Input data:
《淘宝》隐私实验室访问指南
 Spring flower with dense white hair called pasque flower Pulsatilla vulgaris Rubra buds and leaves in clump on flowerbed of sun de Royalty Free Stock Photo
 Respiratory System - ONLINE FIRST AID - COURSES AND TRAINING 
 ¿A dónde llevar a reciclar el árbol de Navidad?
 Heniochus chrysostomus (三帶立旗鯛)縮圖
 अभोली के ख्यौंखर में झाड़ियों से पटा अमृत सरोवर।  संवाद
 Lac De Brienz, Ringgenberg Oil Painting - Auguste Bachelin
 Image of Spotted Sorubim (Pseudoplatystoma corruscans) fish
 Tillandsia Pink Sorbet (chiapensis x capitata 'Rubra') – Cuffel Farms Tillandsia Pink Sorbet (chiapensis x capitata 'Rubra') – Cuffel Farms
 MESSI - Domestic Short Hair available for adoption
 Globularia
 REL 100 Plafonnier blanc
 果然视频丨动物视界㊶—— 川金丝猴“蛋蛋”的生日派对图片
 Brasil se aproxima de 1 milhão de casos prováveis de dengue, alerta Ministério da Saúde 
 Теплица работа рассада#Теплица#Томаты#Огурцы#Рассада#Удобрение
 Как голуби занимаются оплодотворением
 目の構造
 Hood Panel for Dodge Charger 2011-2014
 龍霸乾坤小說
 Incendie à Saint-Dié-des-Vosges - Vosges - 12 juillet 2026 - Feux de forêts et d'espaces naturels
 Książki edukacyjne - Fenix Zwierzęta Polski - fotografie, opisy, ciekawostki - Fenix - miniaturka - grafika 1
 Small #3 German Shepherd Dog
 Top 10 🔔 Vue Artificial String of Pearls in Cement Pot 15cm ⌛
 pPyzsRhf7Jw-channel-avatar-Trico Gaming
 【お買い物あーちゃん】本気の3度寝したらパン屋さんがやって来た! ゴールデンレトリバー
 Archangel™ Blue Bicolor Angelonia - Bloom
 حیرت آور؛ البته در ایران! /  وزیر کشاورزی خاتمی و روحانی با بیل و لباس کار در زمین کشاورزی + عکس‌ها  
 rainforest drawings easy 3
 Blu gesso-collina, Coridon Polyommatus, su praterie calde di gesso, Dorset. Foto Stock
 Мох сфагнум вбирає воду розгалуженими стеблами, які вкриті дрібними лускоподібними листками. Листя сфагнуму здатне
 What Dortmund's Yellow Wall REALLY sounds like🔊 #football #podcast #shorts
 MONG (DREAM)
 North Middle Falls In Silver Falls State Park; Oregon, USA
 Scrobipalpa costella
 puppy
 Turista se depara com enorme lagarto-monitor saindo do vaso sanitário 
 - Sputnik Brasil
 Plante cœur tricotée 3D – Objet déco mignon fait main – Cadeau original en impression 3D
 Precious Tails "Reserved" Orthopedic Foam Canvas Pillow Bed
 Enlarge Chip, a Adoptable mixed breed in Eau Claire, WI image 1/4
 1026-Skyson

What you need to do:
Within the records above, how many lines include the word "Rubra"? Only the number is wanted.

Output for this exercise:
2